Barr bookends her narrative with two negative experiences she lays at the feet of complementarianism. She recounts an abusive dating relationship. While all abuse is a tragic misuse of power, the recollection, in this case, is too vague to be evaluated in any way. Great detail is given about her husband being let go from a Southern Baptist Church over differences of opinion on women’s roles in the church. This was the traumatic experience that initiated the writing of this book. Perhaps the situation could have been handled with more grace, but at the end of the day, the church fired him because he changed from the clearly articulated, ubiquitous position of the leadership and pressed them on it.

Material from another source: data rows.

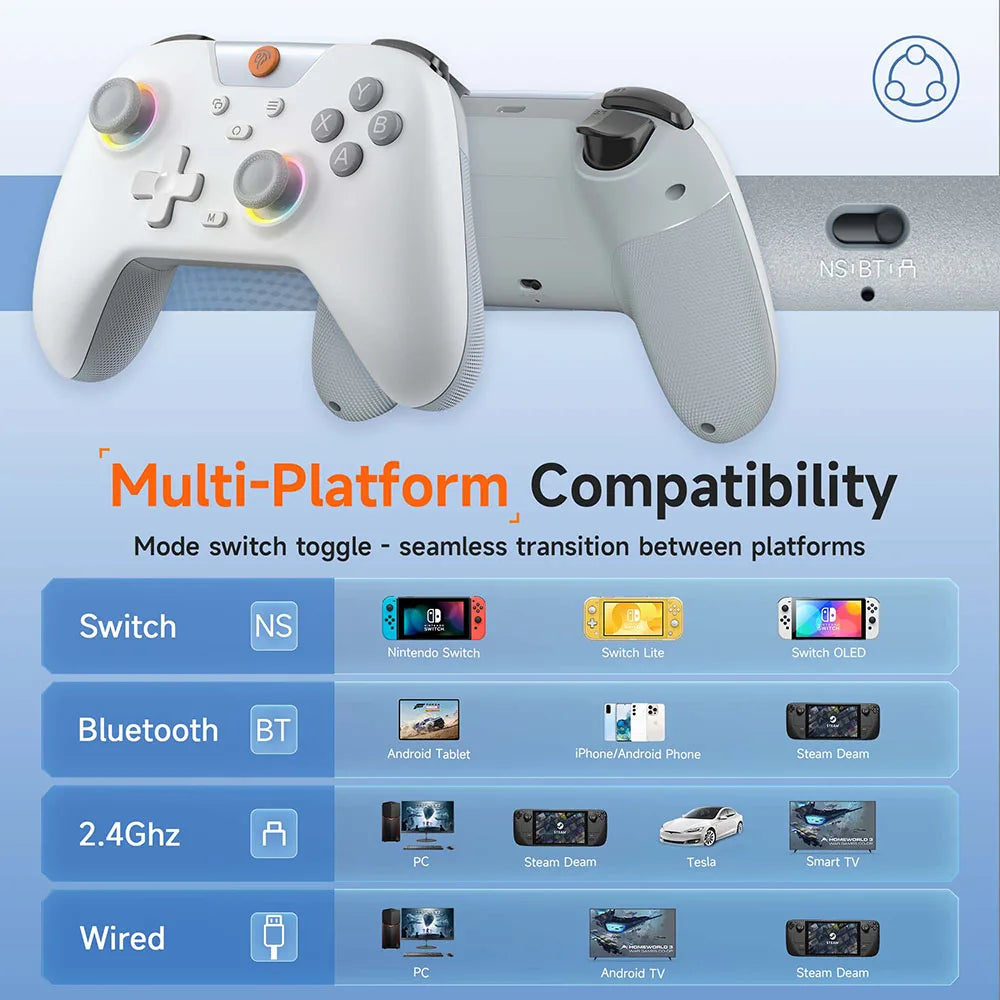 EasySMX X05 Wireless Gamepad PC/Phone/Switch/Steam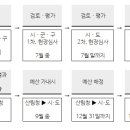 임산물클러스터 가공유통센터 이미지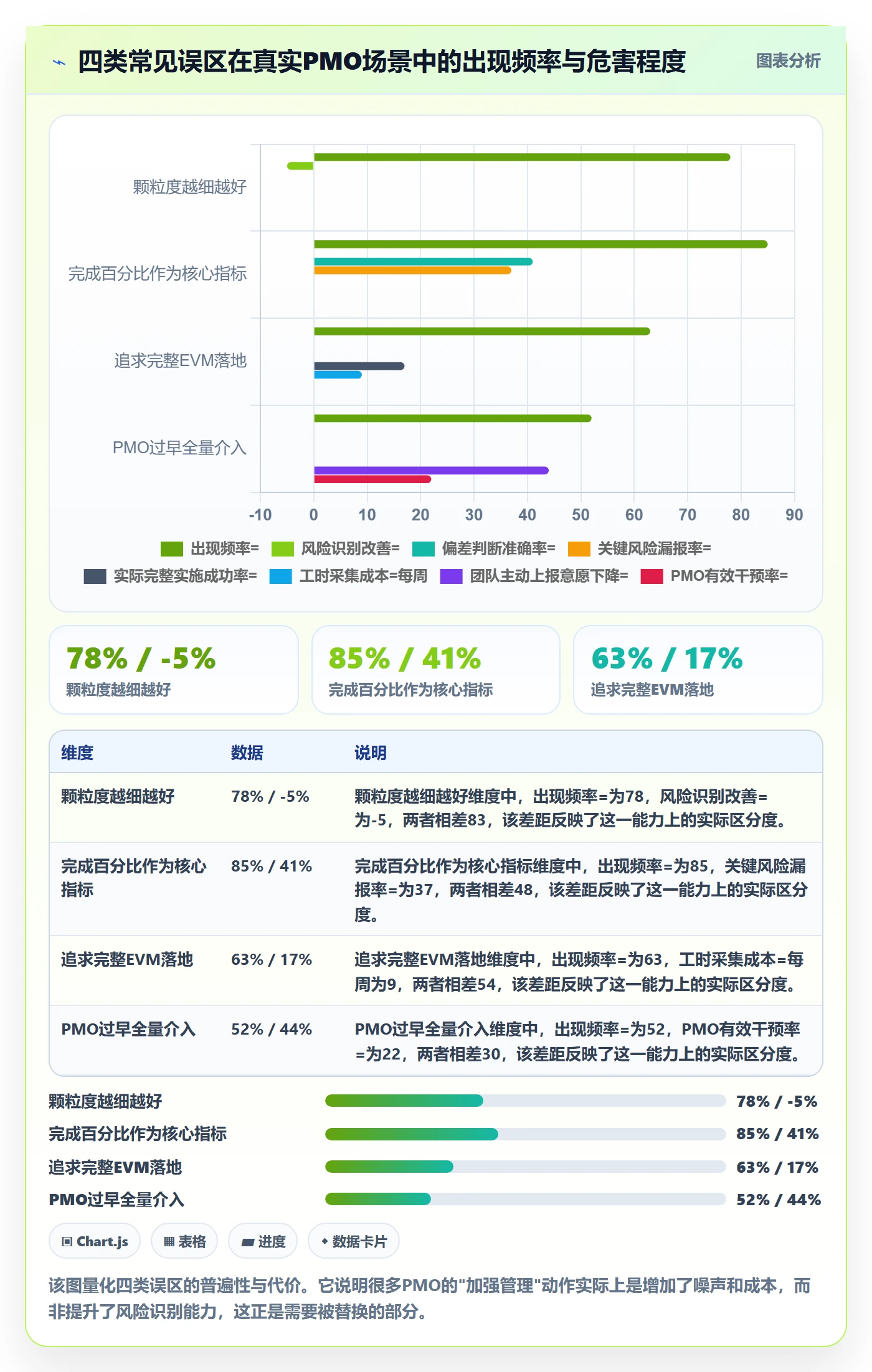 任务进度实操方法：PMO提升进度管理效率的风险控制方法与模板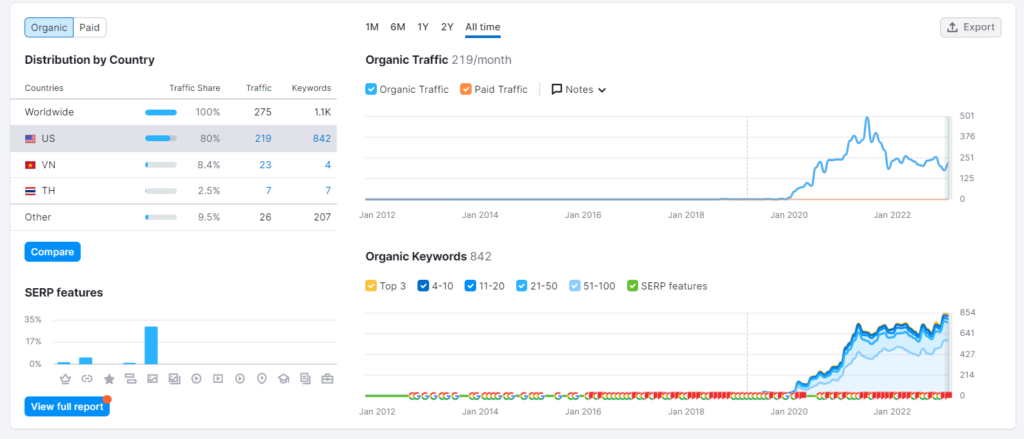 traffic trend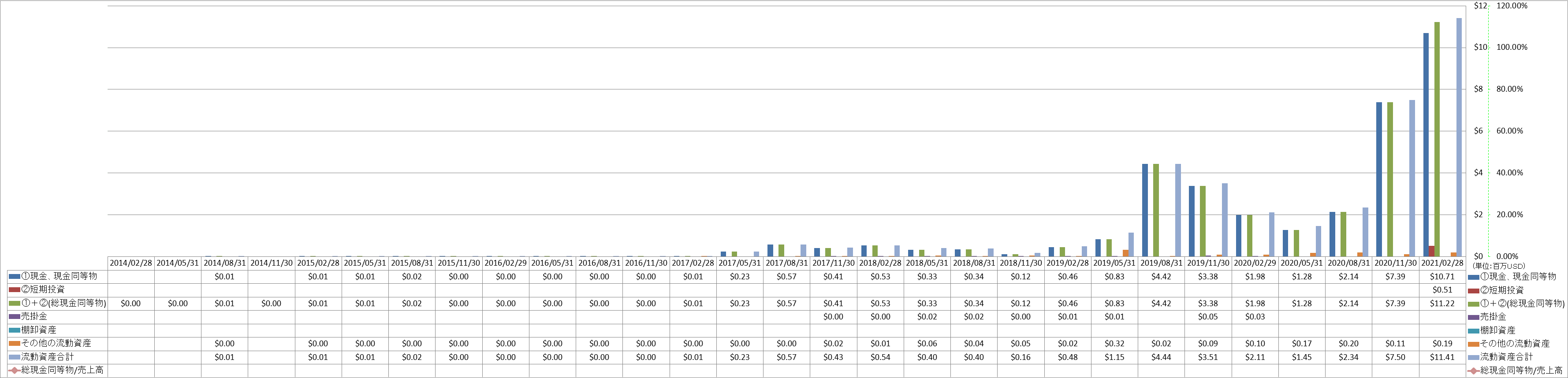 current-assets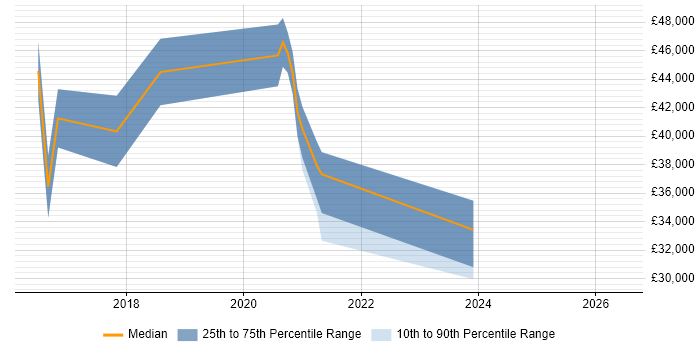Salary distribution trend for jobs in York citing nginx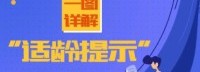 官方图解网络适龄提示：不是分级 不会放大审核尺度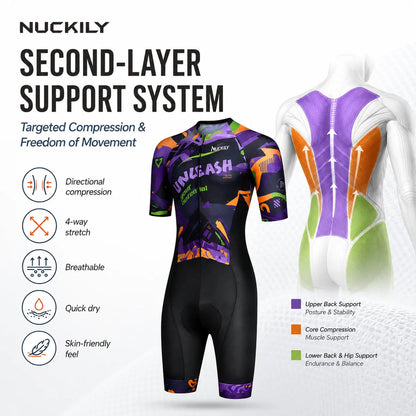 Macacão de Ciclismo Masculino NUCKILY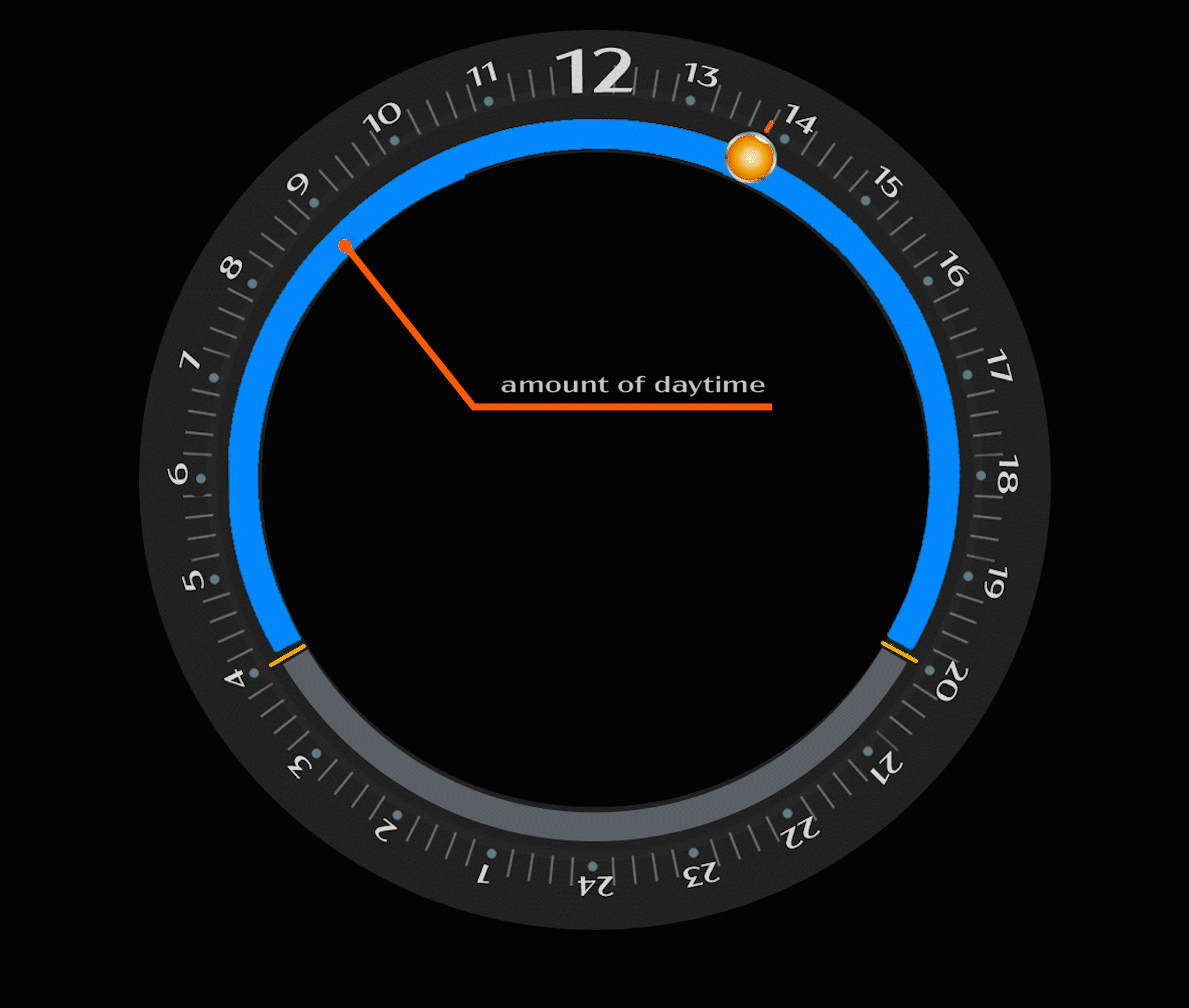 amounts day night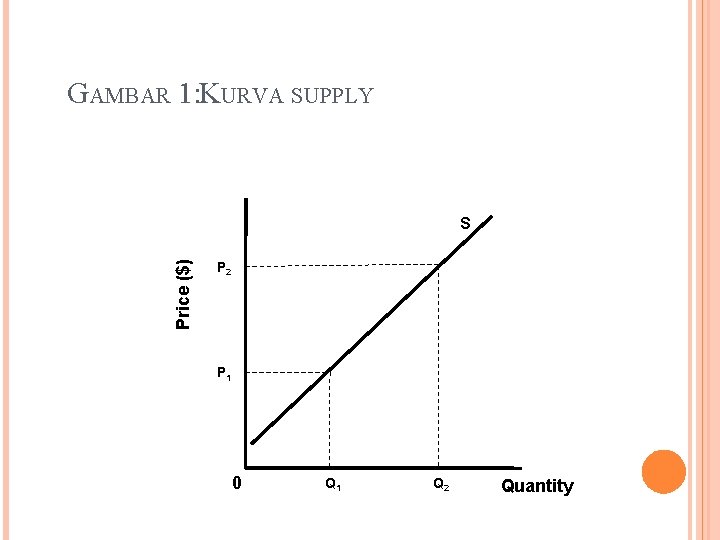 GAMBAR 1: KURVA SUPPLY Price ($) S P 2 P 1 0 Q 1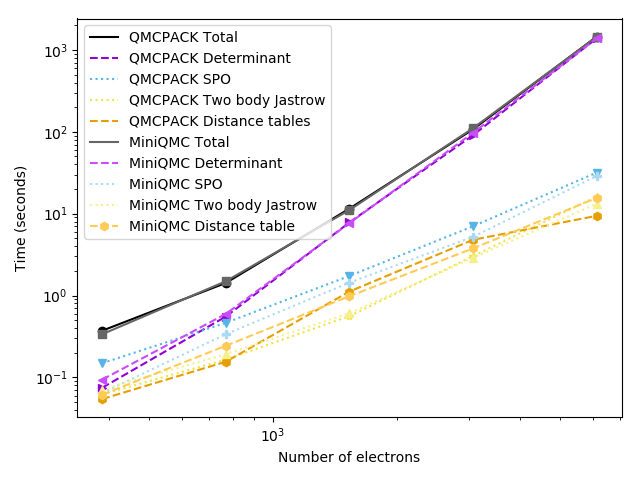 Time fraction for MiniQMC vs. QMCPACK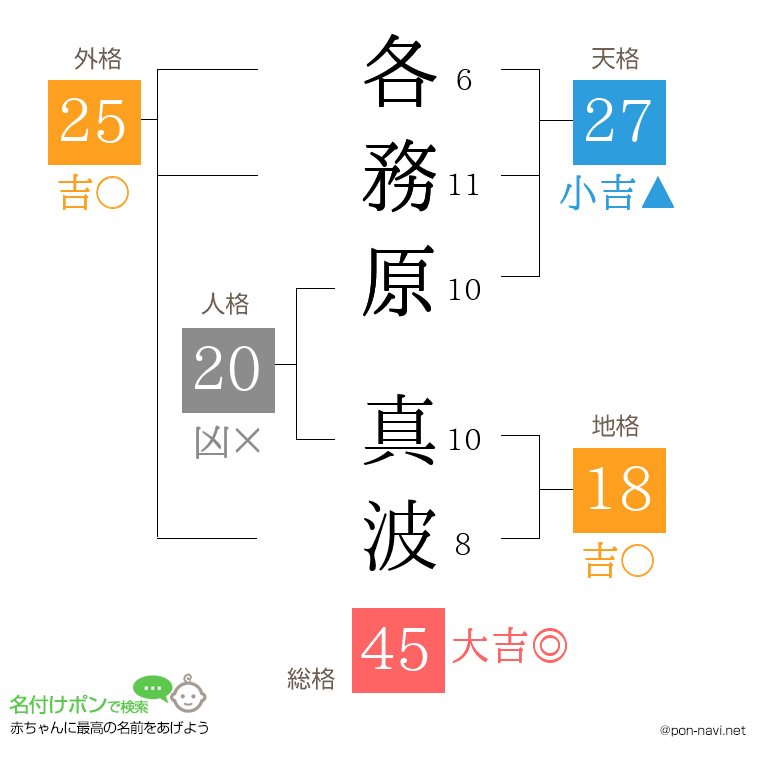 各務原 真波さんの姓名判断結果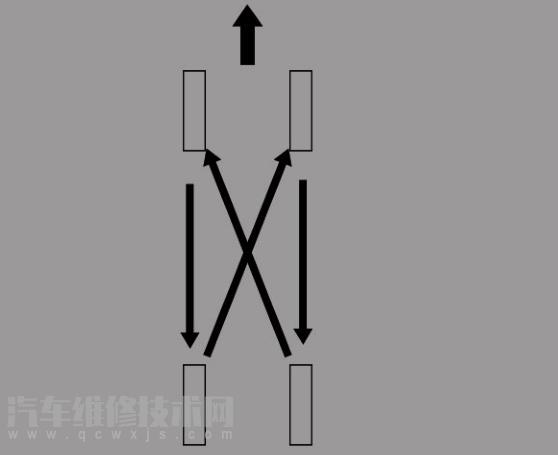 轮胎磨损标记怎么看（图解）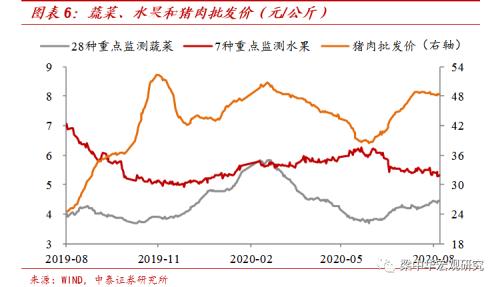 核心通胀继续回落，需求依然偏弱（中泰宏观 梁中华 吴嘉璐）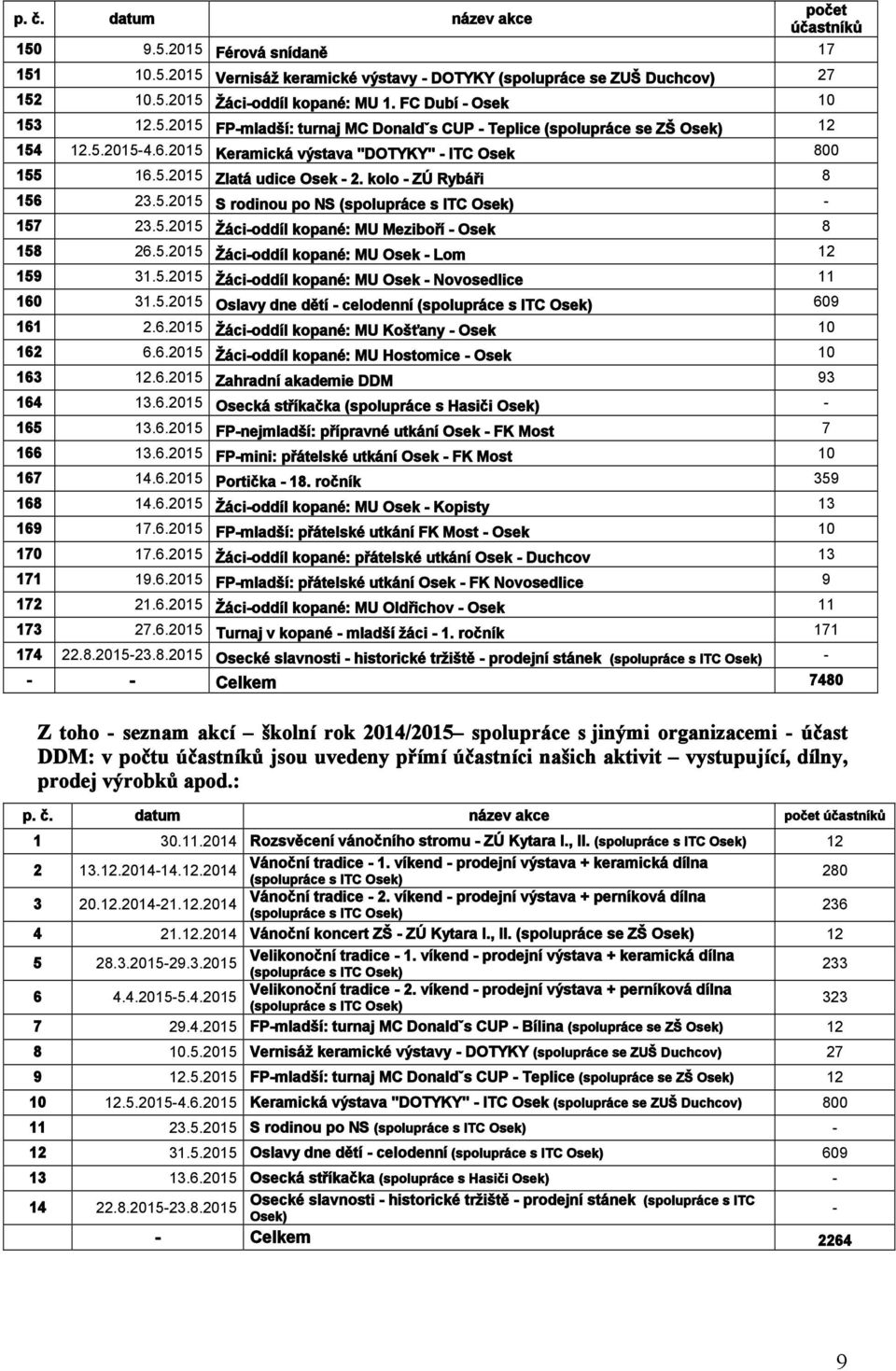 kolo - ZÚ Rybáři 8 156 23.5.2015 S rodinou po NS (spolupráce s ITC Osek) - 157 23.5.2015 Žáci-oddíl kopané: MU Meziboří - Osek 8 158 26.5.2015 Žáci-oddíl kopané: MU Osek - Lom 12 159 31.5.2015 Žáci-oddíl kopané: MU Osek - Novosedlice 11 160 31.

In the final estimation, I do not believe Barr is really trying to convince anyone across the aisle of her position. Her language is loaded, condescending, and elitist. Her rhetoric is emotional. She impugns the motives of godly men and women. Her recounting of history confuses correlation with causation and assumes outlying examples were normative. She admits being badly burned and while her experience may warrant her anger, her evidence fails to substantiate her claims. Hell hath no fury…indeed.
Andrew S. Ballitch (PhD, Southern Baptist Theological Seminary) is a pastor at Westwood Alliance Church in Mansfield, Ohio.